It would be really great if you could start a blog or write a few posts explaining costings as there seem to be many people who wish to build a family sized house for that sort of budget but not that many people on here who have managed (or aimed for) per square meter costs in that ballpark. I’ve been told that my build cost was very low but @ £760 per m2 it was still way over 100k for my 4 bed house. Out of interest what £ per m2 are you looking at, how big is the planned house, and does that include absolutely everything apart from the plot purchase? 

 

My blog would have started years ago and not much has happened since. I bought my plot, intending to get a mortgage and build a passive house. I was then then made redundant and unable to get another mortgage. I’ve just been doing what I can on site since. 

 

When looking at costings online. They seem either really high, or crazy low like in the post I made a few days back. 

 

From costing things myself I think it’s feasable to build a house for less than 100k. Of course as mentioned sewer connections etc can quickly bring that cost up. 

 

Block build is definitley the cheapest route. They’re cheap to buy and have laid but it’s slow. I know block layers who say they can lay between 200-300 blocks a day and charge £1 per block. It’s tempting to me as I’m not using a mortgage. I could buy blocks as I need them and pay the block layers their day rate. When you calculate what blocks cost it’s a pleasant surprise if you’re ignorant like I was. 

 

I’d never personally commission a building company to do a block build. 

 

I’ve just had a reasonable quote for a 200m MgO sip house with a insulated foundation designed and supplied by AFT. It is considerably cheaper than the quote I had from Mbc for a timberframe and foundation.

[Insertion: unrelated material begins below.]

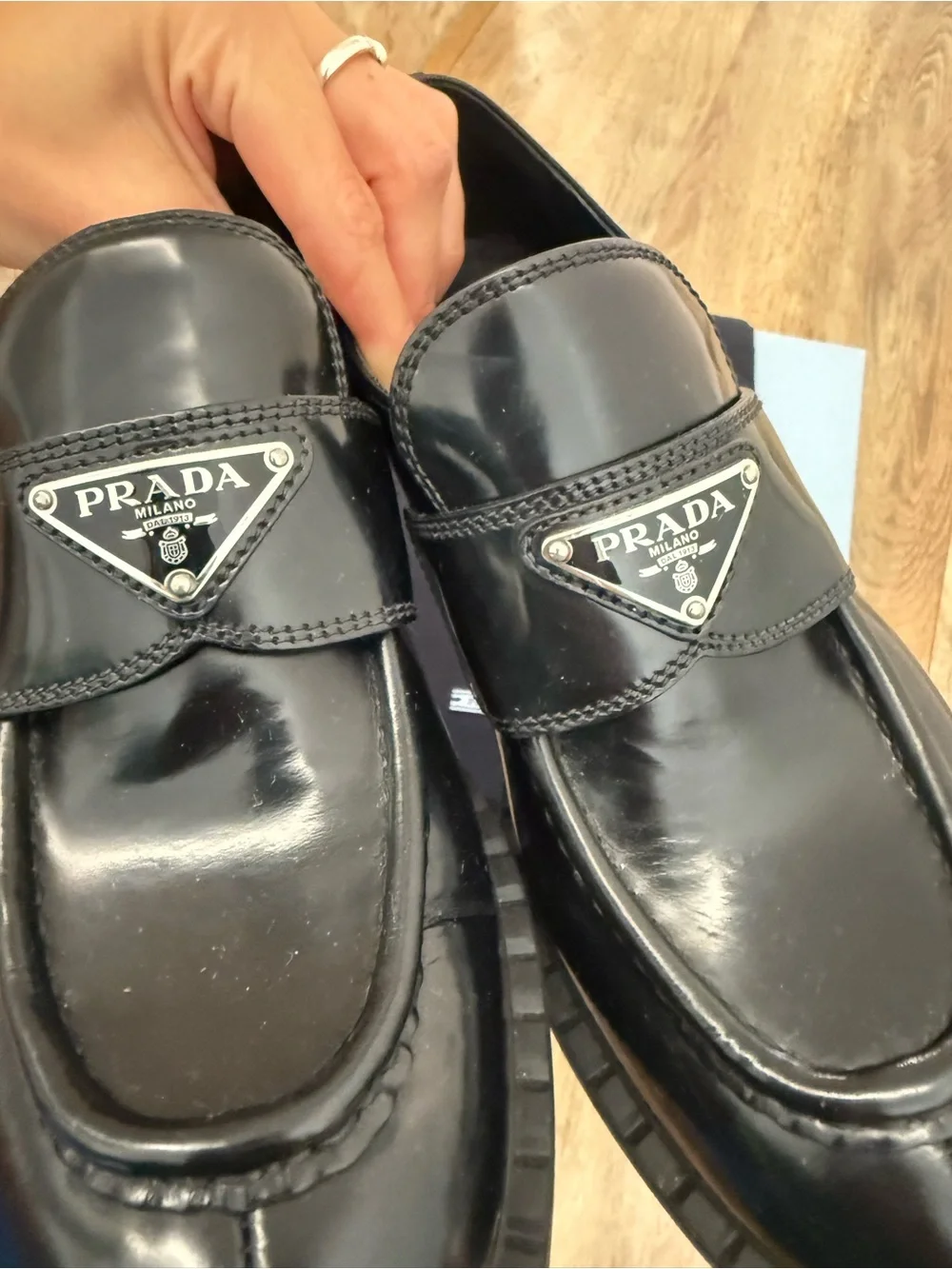 Authentic Prada Chocolate Brushed Leather Loafers in Black Women’s size 37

You can also render or clad directly on to them inside and out which I like. 

 

I just called Durisol over building a wall and they were insistent that I send my house plans because they’re sure they can beat any quote. It’s always worth haggling. I know some people don’t like doing it, but needs must in my case. 

 

The one one approach that doesn’t make sense to me is a basic 140mm timber frame package. By the time it’s insulated, boarded and brick/block clad. I think it’s expensive. I can see why it makes sense for large scale builders but not self builders.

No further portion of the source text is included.